Death is sometimes relative
Just like the command prompt (c:\> ) was declared "dead" in 1995, it will be around as long as there are keyboards in one form or another,
CB will be around for as long there are 18wheelers on the road.
Maybe in the USA but not here in Australia where CB is dead. The truckies UHF CB channel is dead no matter where you go. It has been like that for 20 years. In the cities it is dead. No anybody copy, not YL's, no 10-4 good buddies, no eyeballs, no 10-20's, no 10-9's, no breakers, no go-the-breaker, no nothing.

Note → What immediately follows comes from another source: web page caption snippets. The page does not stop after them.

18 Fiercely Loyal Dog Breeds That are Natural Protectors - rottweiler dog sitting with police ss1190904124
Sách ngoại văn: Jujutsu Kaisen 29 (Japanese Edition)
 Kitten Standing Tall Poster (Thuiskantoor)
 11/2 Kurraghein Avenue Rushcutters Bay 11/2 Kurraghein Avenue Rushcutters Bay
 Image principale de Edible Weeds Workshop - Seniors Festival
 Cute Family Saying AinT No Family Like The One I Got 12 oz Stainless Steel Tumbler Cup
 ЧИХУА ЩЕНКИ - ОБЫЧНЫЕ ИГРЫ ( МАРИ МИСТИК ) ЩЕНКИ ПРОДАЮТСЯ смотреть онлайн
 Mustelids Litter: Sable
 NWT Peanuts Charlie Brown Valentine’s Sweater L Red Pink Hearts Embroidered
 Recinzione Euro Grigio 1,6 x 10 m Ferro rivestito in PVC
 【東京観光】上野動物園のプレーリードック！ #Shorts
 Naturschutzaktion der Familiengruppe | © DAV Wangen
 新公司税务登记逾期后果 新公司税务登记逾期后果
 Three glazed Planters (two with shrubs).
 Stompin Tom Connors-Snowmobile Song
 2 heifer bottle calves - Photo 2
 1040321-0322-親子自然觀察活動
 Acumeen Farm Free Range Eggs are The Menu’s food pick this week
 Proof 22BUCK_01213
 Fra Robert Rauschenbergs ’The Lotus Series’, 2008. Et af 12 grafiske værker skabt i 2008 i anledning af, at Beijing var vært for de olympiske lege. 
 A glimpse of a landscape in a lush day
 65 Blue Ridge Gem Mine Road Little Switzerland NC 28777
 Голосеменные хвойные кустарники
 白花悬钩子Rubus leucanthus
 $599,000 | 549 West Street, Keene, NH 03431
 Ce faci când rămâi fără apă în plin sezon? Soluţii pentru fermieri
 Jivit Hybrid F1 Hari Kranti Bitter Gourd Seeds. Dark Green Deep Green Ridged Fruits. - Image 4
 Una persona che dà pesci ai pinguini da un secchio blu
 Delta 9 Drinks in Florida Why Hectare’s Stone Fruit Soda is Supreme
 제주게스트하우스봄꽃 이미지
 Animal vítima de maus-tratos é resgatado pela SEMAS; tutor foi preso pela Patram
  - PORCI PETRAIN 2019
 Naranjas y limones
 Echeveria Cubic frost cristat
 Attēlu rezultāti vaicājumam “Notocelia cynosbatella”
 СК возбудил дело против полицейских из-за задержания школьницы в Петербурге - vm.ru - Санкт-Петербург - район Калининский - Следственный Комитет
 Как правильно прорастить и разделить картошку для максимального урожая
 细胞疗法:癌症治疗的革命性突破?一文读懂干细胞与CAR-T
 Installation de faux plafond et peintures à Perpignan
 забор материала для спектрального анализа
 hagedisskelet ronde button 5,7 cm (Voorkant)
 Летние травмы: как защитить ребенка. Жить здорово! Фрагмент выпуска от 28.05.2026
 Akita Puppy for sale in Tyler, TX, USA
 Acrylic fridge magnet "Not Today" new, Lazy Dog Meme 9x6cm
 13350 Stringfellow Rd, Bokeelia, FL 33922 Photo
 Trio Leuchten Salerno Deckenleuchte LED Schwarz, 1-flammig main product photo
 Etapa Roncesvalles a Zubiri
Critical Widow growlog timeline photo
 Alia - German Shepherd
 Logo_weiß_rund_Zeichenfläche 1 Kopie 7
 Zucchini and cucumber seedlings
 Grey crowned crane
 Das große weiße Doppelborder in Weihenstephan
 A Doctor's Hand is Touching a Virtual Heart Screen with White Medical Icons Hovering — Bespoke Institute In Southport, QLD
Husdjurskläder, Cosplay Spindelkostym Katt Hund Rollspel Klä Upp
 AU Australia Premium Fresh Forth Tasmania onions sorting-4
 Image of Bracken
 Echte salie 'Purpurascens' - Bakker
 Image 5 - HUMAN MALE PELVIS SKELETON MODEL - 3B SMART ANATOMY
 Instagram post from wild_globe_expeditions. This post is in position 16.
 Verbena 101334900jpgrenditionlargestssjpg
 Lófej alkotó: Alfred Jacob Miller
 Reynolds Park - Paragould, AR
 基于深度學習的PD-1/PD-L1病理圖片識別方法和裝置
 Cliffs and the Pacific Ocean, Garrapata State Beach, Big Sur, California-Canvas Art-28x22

What a most people don't know is it is permissible to encrypt speech on UHF CB; but illegal to do so on ham radio. Let's just say I know someone who ran a private mobile telephone service on UHF CB in country Victoria in the 1990's . Philips FM320's with some added, er, shall we say "enhancements". Coincidentally, there was no mobile phone bill shock.
I think there is a bit of usage of UHF CB in Norwest WA by
some truckies & also by the "Grey Nomads" back & forth between their campervans.
Listening to the Perth CB Repeaters,& simplex channels on my handheld scanner,mostly all I hear is a few foul mouthed Yahoos---there would only be a handful of any kind of users.
Interestingly,there seems to be a bit of a Renaissance on 27MHz after dead silence for,as you say,20 years.
Early last year,I spent quite a bit of time playing around on 10metres using an Icom IC575a.
This radio receives down to 26MHz,& whilst poking about,I heard quite a few CBers on Ch 35 LSB & a few other frequencies.
Interestingly,they were mainly in Victoria.
If I could hear them,I had a good chance of hitting VK3RHF 10m FM repeater,which I did quite regularly last Autumn.
There were a few WA CBers on too,which interested me enough to try to unearth the old Electrophone SSB rig,but it looks like I may have chucked it out.